- Your objective -
Only one stretch of the data below is wanted: the lines starting at the one with "Dolce &amp; Gabbana" and ending at the one with "Frontispiece with Minerva", both included, given again exactly.

(Stored data entries)
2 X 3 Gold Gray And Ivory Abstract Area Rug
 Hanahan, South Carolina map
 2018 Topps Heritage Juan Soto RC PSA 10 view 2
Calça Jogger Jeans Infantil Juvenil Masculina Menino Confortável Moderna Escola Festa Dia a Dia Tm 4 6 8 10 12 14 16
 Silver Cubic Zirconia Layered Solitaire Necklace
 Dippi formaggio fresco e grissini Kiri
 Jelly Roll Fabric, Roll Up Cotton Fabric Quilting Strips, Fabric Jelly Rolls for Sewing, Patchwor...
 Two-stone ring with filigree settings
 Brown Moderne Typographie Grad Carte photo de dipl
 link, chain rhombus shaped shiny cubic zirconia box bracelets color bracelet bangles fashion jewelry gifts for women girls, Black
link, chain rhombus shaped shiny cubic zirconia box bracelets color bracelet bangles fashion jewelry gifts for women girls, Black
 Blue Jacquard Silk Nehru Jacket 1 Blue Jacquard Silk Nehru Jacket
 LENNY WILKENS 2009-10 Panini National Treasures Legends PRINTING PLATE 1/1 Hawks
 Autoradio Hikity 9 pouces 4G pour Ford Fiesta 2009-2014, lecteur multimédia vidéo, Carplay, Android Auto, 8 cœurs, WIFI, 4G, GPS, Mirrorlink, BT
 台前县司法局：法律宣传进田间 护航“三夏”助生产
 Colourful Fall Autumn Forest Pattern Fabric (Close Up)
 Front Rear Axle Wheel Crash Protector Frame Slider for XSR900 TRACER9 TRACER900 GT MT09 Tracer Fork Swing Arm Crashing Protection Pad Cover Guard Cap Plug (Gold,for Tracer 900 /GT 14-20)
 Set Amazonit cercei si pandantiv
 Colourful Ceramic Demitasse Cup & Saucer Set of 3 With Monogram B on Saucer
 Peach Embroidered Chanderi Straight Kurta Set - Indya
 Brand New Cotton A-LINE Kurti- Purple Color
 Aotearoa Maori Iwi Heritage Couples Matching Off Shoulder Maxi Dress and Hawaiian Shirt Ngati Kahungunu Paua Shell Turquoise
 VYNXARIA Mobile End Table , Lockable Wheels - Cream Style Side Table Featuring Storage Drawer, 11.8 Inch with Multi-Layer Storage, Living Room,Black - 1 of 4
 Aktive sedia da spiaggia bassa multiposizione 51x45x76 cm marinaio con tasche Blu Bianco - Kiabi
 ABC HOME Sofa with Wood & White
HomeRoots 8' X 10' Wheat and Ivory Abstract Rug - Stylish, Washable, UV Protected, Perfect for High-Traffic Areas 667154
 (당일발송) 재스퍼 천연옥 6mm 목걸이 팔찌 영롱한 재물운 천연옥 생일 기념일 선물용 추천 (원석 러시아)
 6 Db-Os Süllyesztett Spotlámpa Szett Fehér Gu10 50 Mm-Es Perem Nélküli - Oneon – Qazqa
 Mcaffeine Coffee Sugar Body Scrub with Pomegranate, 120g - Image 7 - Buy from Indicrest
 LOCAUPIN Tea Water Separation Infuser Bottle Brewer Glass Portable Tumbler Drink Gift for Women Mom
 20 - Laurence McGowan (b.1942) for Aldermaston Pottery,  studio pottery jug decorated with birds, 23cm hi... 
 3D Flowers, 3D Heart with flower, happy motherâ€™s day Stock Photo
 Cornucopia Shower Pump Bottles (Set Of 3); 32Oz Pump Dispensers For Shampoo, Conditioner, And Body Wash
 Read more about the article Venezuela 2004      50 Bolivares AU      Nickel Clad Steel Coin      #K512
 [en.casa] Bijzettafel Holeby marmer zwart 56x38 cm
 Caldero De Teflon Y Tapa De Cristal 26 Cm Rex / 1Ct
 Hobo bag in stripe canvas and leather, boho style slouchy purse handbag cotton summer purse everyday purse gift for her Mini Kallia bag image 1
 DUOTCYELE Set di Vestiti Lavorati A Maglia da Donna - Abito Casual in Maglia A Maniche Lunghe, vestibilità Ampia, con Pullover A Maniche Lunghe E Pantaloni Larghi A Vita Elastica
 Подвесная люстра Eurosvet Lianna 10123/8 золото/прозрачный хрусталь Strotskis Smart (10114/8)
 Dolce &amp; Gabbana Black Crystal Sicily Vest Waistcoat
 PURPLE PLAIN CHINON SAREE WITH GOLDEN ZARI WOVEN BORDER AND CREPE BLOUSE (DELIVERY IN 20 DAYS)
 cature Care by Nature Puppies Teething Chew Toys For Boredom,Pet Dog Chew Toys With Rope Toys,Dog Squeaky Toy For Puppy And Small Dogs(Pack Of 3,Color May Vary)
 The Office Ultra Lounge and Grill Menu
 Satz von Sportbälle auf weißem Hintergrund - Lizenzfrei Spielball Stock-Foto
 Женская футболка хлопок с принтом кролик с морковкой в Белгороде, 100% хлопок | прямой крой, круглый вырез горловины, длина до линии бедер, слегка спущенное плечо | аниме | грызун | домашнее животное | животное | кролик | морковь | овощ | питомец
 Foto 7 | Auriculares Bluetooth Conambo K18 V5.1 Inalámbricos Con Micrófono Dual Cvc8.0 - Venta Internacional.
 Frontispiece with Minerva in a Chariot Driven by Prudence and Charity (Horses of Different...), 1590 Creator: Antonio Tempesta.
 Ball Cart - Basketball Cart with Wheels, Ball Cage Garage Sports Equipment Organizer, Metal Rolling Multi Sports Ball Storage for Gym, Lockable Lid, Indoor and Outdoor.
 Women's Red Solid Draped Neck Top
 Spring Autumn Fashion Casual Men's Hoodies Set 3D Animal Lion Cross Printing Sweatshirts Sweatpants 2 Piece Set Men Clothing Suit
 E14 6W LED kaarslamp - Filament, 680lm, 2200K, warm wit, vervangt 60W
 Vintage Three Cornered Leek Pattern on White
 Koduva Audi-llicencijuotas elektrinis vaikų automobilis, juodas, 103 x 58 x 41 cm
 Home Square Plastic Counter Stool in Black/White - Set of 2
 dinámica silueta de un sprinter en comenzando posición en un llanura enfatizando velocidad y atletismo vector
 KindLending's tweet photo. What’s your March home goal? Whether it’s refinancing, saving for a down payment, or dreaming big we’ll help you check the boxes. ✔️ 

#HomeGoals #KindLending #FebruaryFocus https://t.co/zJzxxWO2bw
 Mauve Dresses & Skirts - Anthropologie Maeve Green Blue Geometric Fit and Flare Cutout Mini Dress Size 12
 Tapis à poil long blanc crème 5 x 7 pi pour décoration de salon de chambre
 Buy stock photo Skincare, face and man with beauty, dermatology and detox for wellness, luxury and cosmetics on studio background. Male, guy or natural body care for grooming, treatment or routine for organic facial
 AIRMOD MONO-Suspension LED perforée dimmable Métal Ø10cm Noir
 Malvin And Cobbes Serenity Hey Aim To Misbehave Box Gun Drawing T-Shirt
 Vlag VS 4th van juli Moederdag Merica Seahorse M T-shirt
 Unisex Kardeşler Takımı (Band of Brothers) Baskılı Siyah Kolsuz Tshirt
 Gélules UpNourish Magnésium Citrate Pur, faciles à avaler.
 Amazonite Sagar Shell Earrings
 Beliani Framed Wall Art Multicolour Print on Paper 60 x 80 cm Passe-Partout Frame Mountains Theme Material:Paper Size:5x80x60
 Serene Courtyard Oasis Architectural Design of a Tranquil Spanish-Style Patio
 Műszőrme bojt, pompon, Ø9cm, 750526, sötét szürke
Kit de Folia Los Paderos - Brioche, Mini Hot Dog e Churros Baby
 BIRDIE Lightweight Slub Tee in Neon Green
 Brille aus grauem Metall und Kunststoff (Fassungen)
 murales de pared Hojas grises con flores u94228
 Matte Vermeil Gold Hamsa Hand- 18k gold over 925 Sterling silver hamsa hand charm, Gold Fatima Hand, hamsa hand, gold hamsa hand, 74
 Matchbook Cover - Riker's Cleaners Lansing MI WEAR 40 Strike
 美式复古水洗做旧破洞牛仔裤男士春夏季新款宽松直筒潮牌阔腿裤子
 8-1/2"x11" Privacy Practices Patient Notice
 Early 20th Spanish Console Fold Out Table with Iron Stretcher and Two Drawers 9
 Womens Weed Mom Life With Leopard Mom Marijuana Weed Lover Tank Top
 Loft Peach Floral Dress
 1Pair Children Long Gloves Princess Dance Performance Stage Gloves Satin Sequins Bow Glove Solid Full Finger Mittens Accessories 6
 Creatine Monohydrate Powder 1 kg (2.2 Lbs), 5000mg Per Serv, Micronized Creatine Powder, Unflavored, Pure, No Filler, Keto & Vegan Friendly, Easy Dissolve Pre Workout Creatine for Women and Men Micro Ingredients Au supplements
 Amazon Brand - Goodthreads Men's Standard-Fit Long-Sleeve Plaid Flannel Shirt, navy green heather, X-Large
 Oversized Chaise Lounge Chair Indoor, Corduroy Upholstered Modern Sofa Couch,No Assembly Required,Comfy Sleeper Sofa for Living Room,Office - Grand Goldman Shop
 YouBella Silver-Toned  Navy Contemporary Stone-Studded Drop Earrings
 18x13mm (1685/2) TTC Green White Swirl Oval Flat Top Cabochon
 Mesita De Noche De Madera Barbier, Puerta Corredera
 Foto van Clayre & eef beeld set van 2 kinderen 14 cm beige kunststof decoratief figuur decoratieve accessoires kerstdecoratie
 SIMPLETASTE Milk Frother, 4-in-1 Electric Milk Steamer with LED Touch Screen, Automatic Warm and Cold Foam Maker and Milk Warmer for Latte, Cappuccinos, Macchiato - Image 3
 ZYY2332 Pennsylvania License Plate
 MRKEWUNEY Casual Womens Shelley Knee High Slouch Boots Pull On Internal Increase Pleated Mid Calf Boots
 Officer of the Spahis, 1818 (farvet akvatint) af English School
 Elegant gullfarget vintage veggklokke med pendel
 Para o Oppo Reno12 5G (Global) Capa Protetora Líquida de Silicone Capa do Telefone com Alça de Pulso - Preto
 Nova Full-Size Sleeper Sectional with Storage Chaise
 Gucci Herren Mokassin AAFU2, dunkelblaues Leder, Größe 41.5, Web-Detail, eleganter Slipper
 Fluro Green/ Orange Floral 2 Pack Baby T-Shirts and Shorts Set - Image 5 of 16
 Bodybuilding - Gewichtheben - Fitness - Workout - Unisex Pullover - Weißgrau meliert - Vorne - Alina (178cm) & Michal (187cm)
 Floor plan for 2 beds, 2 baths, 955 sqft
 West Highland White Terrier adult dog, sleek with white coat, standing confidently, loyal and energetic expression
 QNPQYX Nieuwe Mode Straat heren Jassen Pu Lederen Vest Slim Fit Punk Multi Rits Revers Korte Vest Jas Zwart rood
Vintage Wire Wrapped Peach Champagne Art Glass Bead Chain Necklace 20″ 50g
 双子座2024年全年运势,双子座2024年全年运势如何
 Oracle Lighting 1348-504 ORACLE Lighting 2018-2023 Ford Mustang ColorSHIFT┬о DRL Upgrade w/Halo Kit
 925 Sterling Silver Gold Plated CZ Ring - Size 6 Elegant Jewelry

- Worked solution -
 Dolce &amp; Gabbana Black Crystal Sicily Vest Waistcoat
 PURPLE PLAIN CHINON SAREE WITH GOLDEN ZARI WOVEN BORDER AND CREPE BLOUSE (DELIVERY IN 20 DAYS)
 cature Care by Nature Puppies Teething Chew Toys For Boredom,Pet Dog Chew Toys With Rope Toys,Dog Squeaky Toy For Puppy And Small Dogs(Pack Of 3,Color May Vary)
 The Office Ultra Lounge and Grill Menu
 Satz von Sportbälle auf weißem Hintergrund - Lizenzfrei Spielball Stock-Foto
 Женская футболка хлопок с принтом кролик с морковкой в Белгороде, 100% хлопок | прямой крой, круглый вырез горловины, длина до линии бедер, слегка спущенное плечо | аниме | грызун | домашнее животное | животное | кролик | морковь | овощ | питомец
 Foto 7 | Auriculares Bluetooth Conambo K18 V5.1 Inalámbricos Con Micrófono Dual Cvc8.0 - Venta Internacional.
 Frontispiece with Minerva in a Chariot Driven by Prudence and Charity (Horses of Different...), 1590 Creator: Antonio Tempesta.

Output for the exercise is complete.